The communists and their satellites saw their human rights not as political and civil rights, but as social rights: the right to have a roof over one’s head, clothes to wear, employment, and social services.

Gorbachev, like all Russian leaders existing within the Western political agenda, couldn’t come up with a response “Protocol dictated that Gorbachev reply by laying out our position, our vision, but he didn’t do that, as he wasn’t prepared for such a reception. He was silent, effectively agreeing with Deng Xiaoping’s rendition,” recalled Andrei Vinogradov, a China specialist from the Institute of Far Eastern Studies, in a recent interview. In China, the 1969 Sino-Soviet border conflict is also seen as a “pushback against the northern aggressors.” On a recent anniversary of the clash in China, participants of the events were honored with awards.
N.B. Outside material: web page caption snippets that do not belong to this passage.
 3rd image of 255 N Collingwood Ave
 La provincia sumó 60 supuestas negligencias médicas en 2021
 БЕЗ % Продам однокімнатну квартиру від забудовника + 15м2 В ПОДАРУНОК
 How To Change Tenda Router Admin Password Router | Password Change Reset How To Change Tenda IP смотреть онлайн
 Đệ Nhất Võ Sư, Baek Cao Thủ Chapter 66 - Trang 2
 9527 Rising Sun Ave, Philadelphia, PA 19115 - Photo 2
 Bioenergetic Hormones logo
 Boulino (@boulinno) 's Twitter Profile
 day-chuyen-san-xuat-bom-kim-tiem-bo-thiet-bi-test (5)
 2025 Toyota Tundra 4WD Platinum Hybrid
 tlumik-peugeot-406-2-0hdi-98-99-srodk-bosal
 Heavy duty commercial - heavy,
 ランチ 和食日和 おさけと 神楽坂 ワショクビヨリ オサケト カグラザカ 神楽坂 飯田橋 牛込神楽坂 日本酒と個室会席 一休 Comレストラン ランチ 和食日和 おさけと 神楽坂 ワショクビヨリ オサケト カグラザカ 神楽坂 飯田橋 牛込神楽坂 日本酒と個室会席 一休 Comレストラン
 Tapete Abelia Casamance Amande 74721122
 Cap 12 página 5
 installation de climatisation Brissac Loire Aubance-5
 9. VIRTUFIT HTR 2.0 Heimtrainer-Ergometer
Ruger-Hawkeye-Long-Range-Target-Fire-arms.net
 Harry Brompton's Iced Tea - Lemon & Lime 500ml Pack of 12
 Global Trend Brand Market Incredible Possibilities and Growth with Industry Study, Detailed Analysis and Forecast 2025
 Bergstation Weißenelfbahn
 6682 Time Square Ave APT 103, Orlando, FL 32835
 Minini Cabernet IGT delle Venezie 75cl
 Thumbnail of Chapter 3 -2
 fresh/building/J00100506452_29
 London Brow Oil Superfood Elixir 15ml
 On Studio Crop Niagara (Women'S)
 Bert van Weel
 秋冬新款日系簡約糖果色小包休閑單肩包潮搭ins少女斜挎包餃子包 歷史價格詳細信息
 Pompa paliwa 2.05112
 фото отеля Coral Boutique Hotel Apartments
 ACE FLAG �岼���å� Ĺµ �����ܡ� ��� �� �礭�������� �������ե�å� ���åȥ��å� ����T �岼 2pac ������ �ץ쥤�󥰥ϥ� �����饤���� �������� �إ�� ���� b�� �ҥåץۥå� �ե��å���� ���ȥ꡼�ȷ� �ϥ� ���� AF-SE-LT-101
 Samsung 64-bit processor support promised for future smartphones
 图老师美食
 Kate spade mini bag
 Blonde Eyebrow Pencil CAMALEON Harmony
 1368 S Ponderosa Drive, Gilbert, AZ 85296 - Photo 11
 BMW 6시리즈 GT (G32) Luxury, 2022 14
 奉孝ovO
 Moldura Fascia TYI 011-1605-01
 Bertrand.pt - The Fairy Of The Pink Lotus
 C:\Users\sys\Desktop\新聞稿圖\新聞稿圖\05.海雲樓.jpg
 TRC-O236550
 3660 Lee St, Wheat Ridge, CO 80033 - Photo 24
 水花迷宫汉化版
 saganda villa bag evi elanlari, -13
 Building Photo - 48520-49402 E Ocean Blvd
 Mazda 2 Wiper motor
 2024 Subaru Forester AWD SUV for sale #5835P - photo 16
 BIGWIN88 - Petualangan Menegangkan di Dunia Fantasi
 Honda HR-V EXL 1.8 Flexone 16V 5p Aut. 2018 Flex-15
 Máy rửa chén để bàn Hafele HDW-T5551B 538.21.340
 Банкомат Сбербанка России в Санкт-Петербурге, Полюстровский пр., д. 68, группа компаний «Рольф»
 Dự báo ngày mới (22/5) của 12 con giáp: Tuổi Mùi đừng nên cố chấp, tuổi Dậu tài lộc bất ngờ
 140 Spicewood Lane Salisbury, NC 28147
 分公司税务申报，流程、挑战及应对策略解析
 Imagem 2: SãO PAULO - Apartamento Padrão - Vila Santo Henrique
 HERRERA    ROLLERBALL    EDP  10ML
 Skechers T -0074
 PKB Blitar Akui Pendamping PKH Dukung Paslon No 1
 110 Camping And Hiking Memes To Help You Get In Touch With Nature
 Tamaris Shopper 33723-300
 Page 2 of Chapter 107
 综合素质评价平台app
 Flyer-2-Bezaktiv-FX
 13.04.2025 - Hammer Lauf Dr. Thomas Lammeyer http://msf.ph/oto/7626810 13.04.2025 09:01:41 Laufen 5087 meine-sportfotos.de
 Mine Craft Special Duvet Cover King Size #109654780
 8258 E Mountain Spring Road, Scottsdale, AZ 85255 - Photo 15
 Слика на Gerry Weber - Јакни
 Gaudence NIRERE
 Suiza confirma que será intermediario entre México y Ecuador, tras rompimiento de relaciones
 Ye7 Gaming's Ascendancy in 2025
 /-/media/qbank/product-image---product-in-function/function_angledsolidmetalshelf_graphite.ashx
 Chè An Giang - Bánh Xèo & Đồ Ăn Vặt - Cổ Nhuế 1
In March 1969, an armed conflict broke out between the USSR and China over Damansky Island (Zhenbao Island), which is located near Manchuria. The Soviet Union regarded the island as its own, while the PRC saw it as territory Russia obtained thanks to colonial treaties. The clash killed 58 Soviet military personnel and injured 94 others. Estimates of the Chinese casualties range from 100 to 300, though the exact number remains unknown.

The island went to China after the border demarcation in May 1991. China acquired several other islands and territory totaling more than 300 square kilometers (nearly 116 square miles) during demarcation in 2005.

A Different historical perspective

Although the European Union continues to be Russia’s main trading partner, trade with China is on the rise. While seven years ago, the volume of EU trade with Russia exceeded trade with China five times over, today it’s only twice as large. China has already overtaken Germany in the role of Russia’s primary supplier industrial equipment. The relatively modest amounts of Russian natural gas exported to China are now increasing. Military collaboration is becoming ever closer and is most evidently expressed in the form of joint drills. There are realistic prospects of Russia gaining entry into China’s technological sphere of influence, specifically in the area of 5G network construction.

In his research examining the prospects of Russian integration into Pax Sinica (China’s geopolitical space), Alexander Gabuev, a senior fellow at the Carnegie Moscow Center, has found that for the time being China is exploiting its economic advantage, mostly by extracting better terms of trade — specifically, reduced prices for oil and gas. As Russia’s dependence on China grows, Chinese politicians could very well start to pressure Russia in areas other than commerce, for example to end military alliances with PRC antagonists, or to convince Central Asian countries to permit Chinese military presence on their territory as security for the Belt and Road Initiative. Short-term gains for Russia could turn into long-term losses.

While it’s still expedient for Kremlin politicians to play the role of zealous warriors against the West, Moscow’s non-Western partners have a much longer memory than the Russians do. The Kremlin’s logic is clear, but it’s dictated by views that were formulated during the Cold War years. The Russian perspective encompasses merely several decades, while Chinese politicians view Russia — and the rest of the world — from a centuries-long perspective. Thus, even though Russia has grown closer to China and comes out on China’s side in the battle with the West, Russia still belongs to the “historical West” and, as such, faces grievances from China — and the exact scale of these grievances remains unknown.